::: Given entries :::

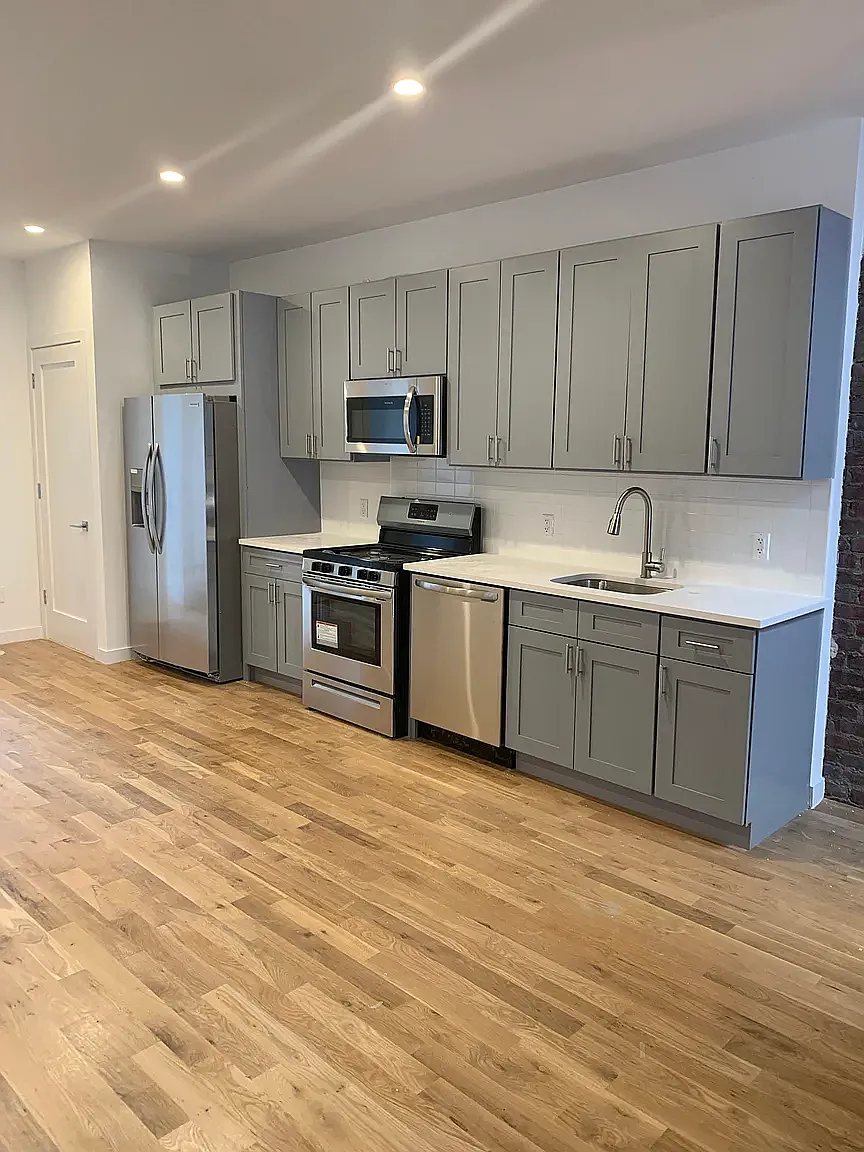 459 Shepherd Avenue — Photo 3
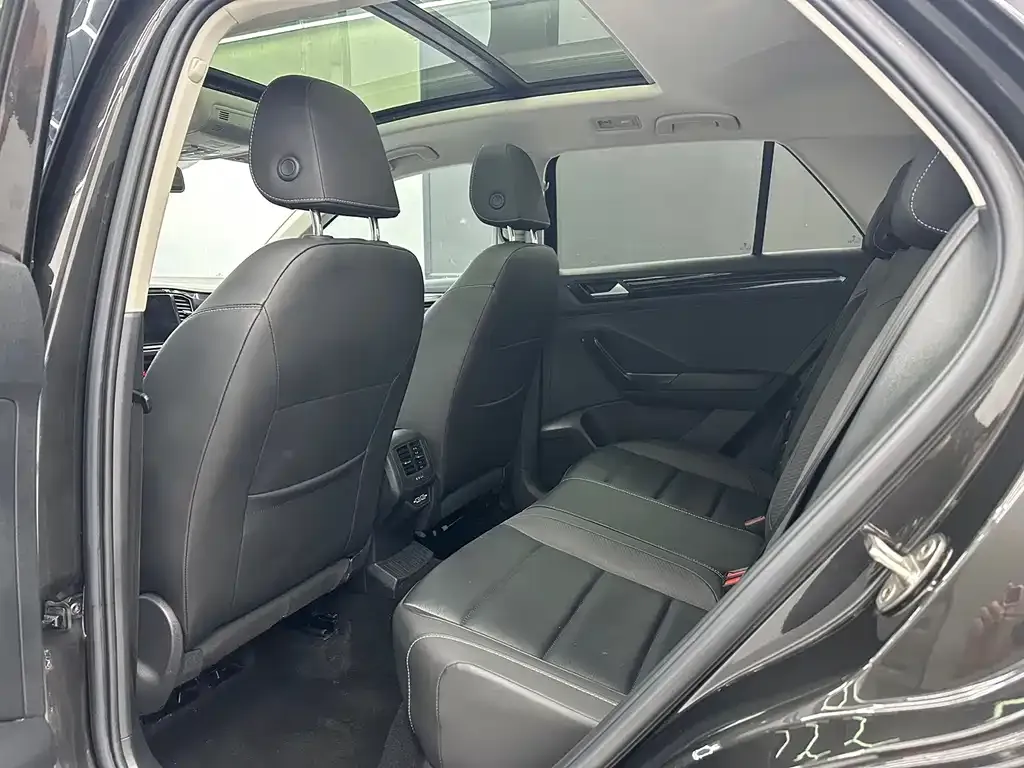 Volkswagen T-Roc 2022 из CN, фото 9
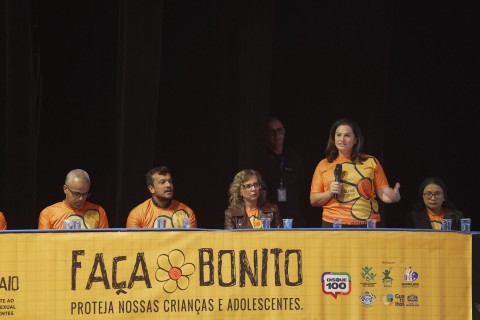 Guarulhos discute ações de prevenção e combate à violência contra crianças e adolescentes com especialistas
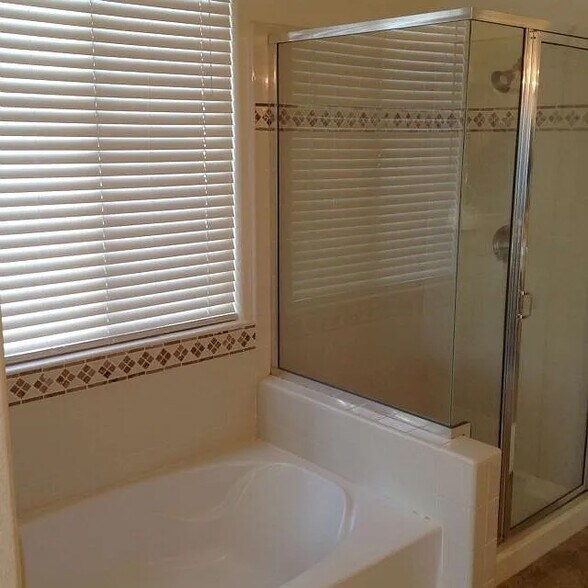 Building Photo - 814 Round Hill Dr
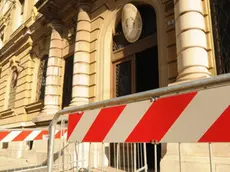 Bumbaca Gorizia 27.09.2011 Tribunale transennato - Fotografia di Pierluigi Bumbaca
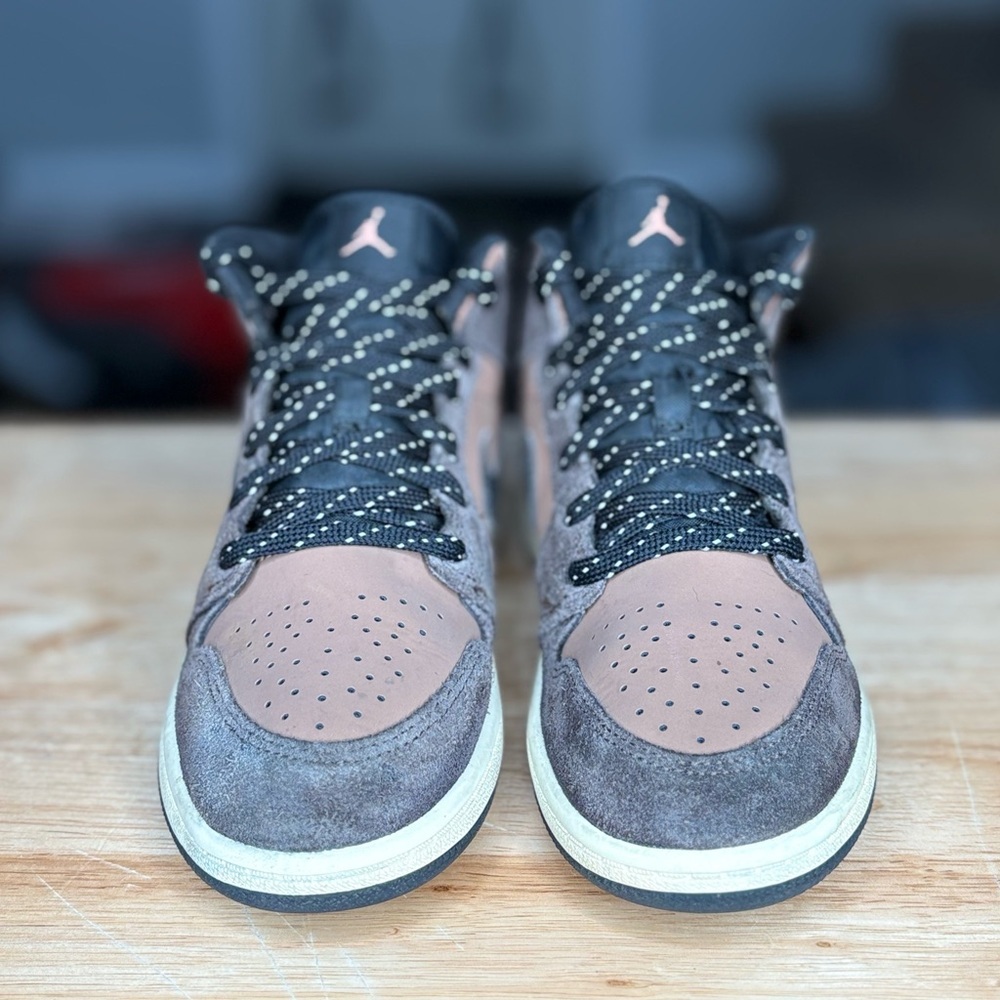 Jordan 1 'Earth Tone' | kids sz 2 | brown tan black | Like New - Picture 4 of 10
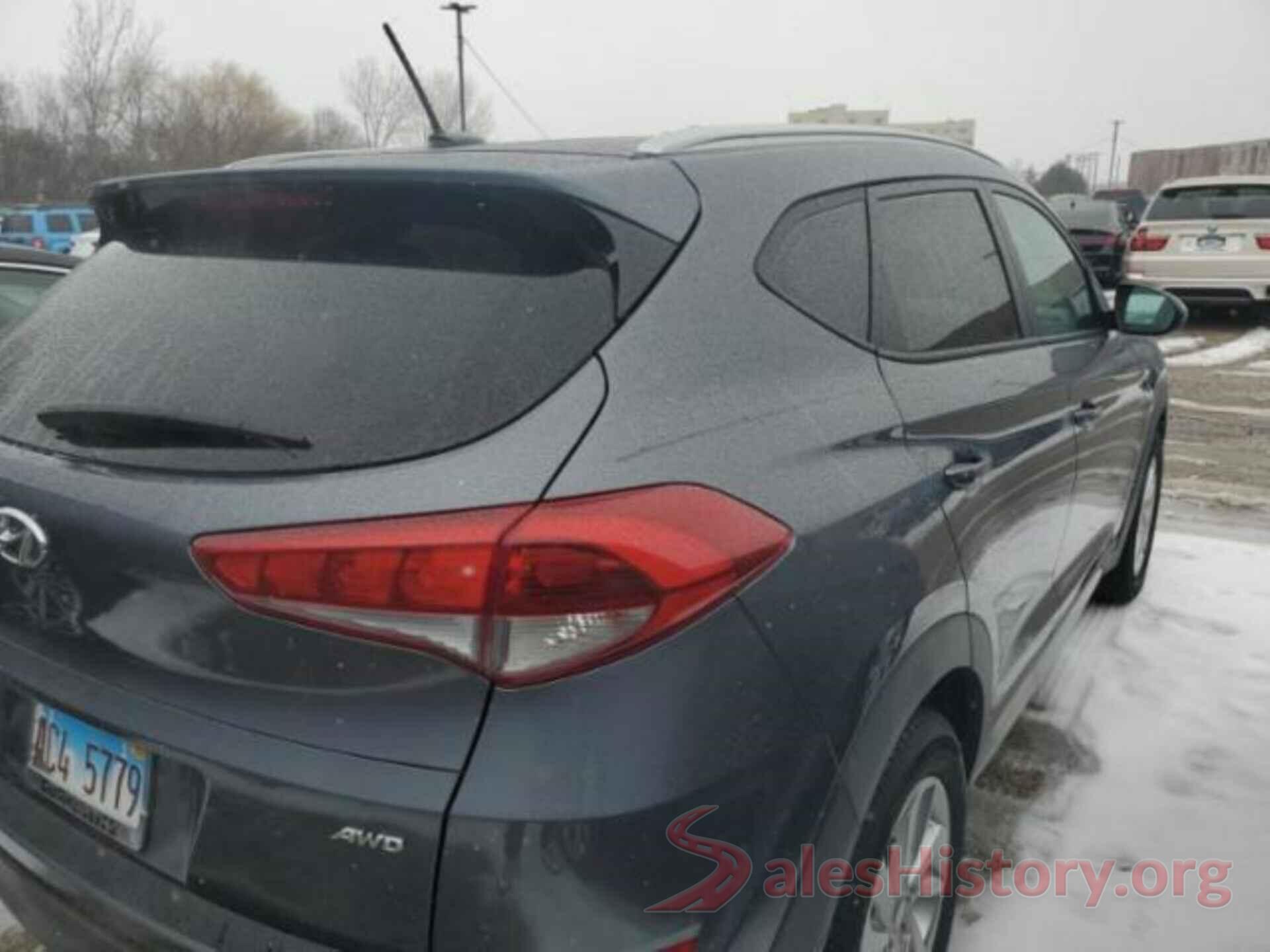 KM8J3CA47HU318454 2017 HYUNDAI TUCSON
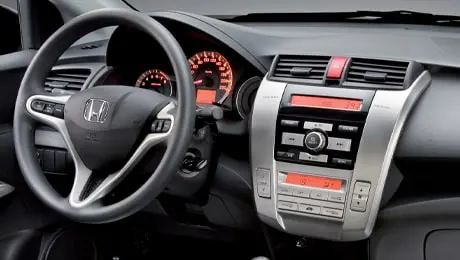 màn hình zin của ô tô chức năng bị hạn chế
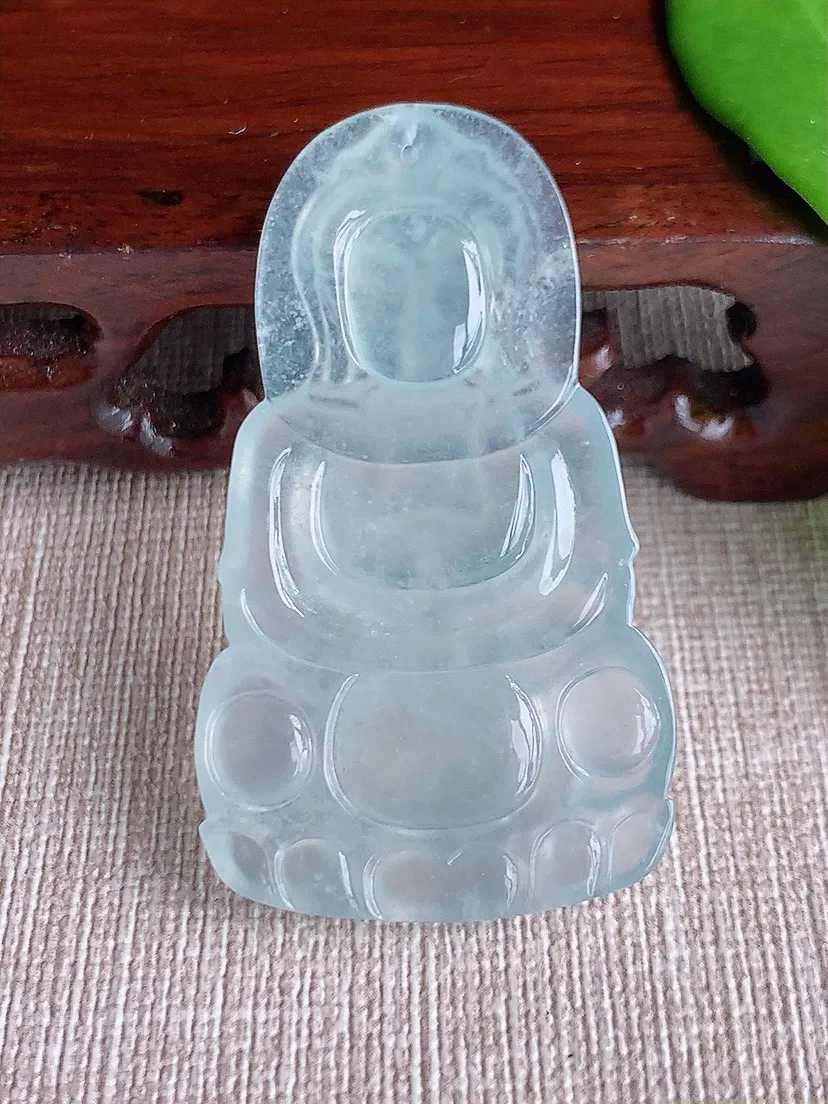 a货翡翠老坑高冰种白月光正装观音吊坠 尺寸50.5×29.2×5mm 重量14.23g 0711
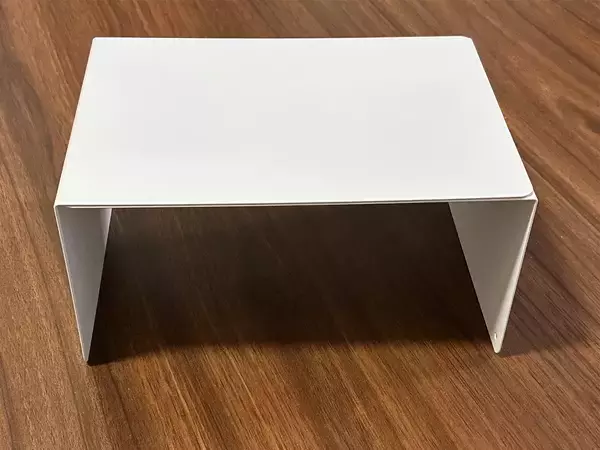 2個のブックエンドに木材をつけて…　簡単に作れたトイレのスマホ置き場に「おしゃれ！」【100均DIY】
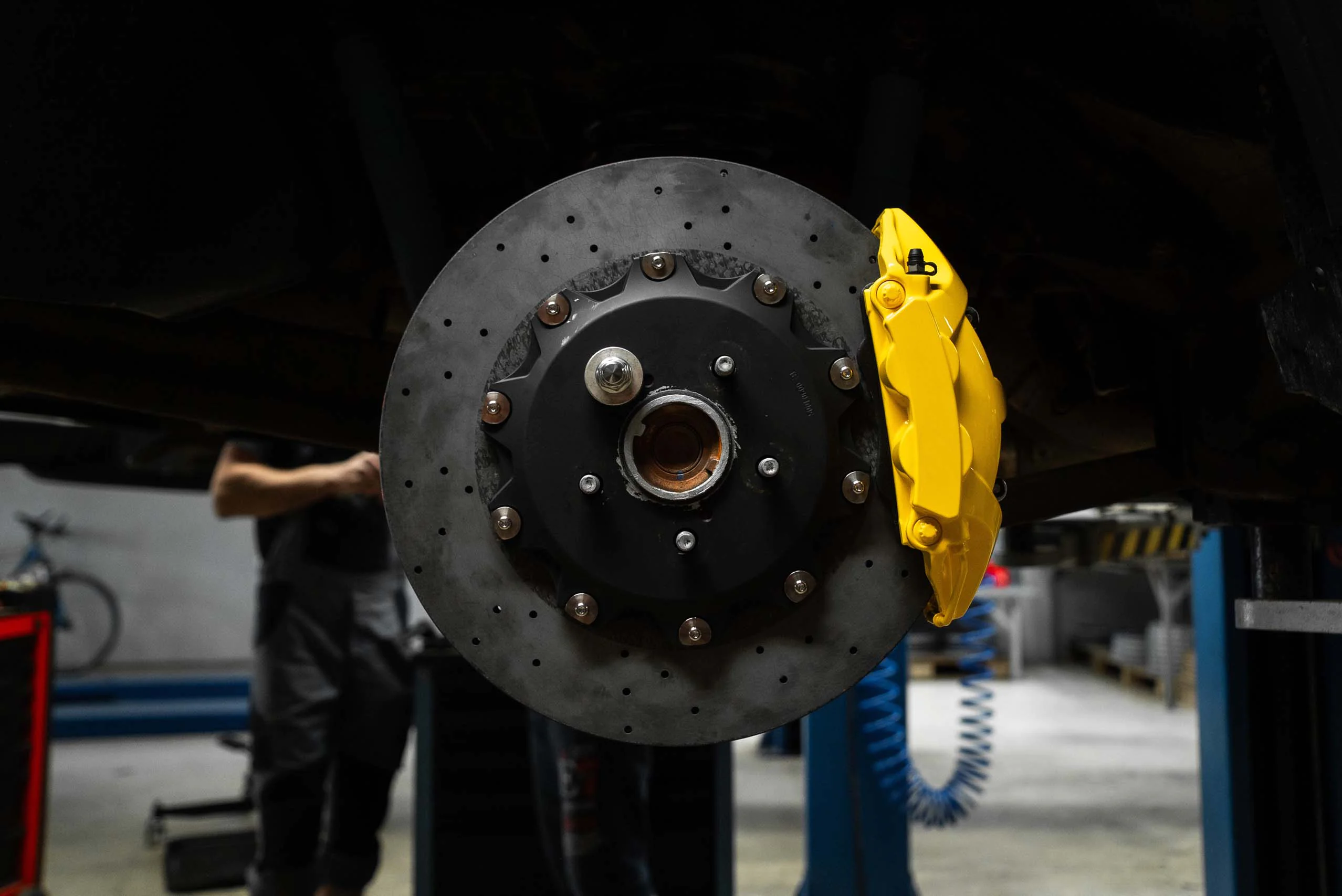 Carbon ceramic brake system for Jeep Grand Cherokee SRT. Pic 6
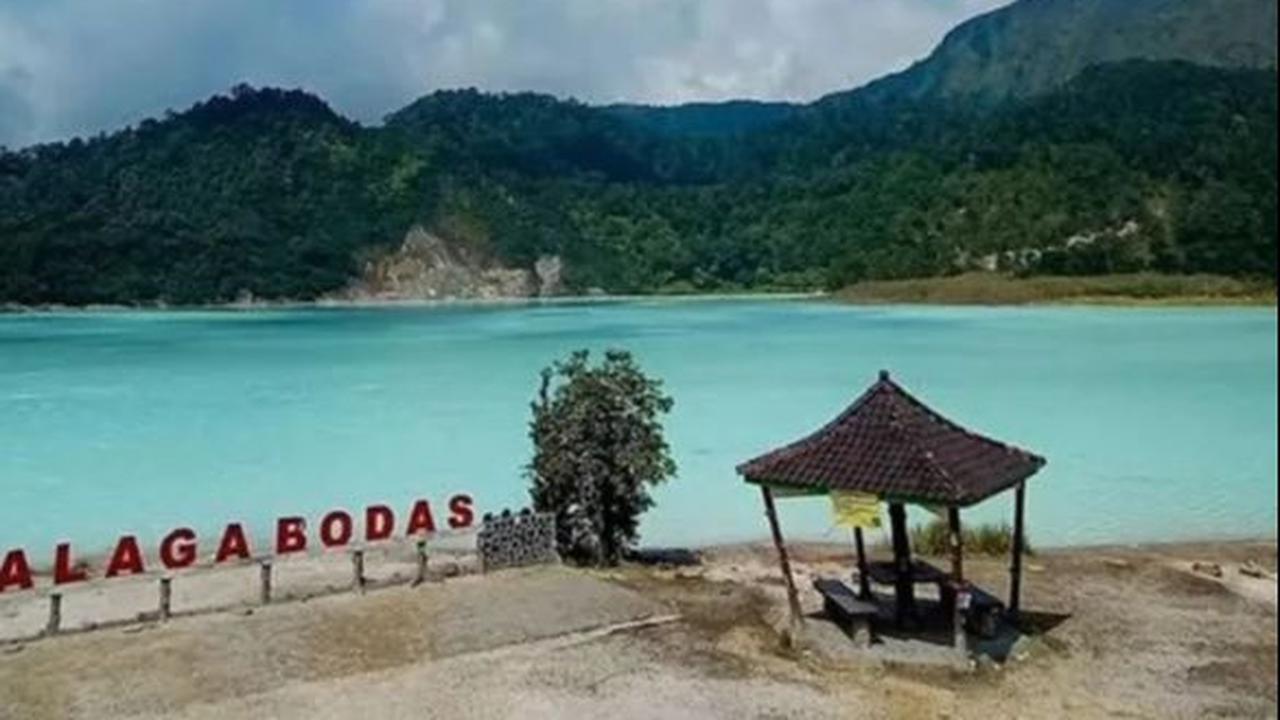 <b>Kawah Talaga Bodas</b><br>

:::

- **Directions**: Write out the whole listing exactly. Pictures stay out.

- **Response to the task**:
 459 Shepherd Avenue — Photo 3
 Volkswagen T-Roc 2022 из CN, фото 9
 Guarulhos discute ações de prevenção e combate à violência contra crianças e adolescentes com especialistas
 Building Photo - 814 Round Hill Dr
 Bumbaca Gorizia 27.09.2011 Tribunale transennato - Fotografia di Pierluigi Bumbaca
 Jordan 1 'Earth Tone' | kids sz 2 | brown tan black | Like New - Picture 4 of 10
 KM8J3CA47HU318454 2017 HYUNDAI TUCSON
 màn hình zin của ô tô chức năng bị hạn chế
 a货翡翠老坑高冰种白月光正装观音吊坠 尺寸50.5×29.2×5mm 重量14.23g 0711
 2個のブックエンドに木材をつけて…　簡単に作れたトイレのスマホ置き場に「おしゃれ！」【100均DIY】
 Carbon ceramic brake system for Jeep Grand Cherokee SRT. Pic 6
 <b>Kawah Talaga Bodas</b><br>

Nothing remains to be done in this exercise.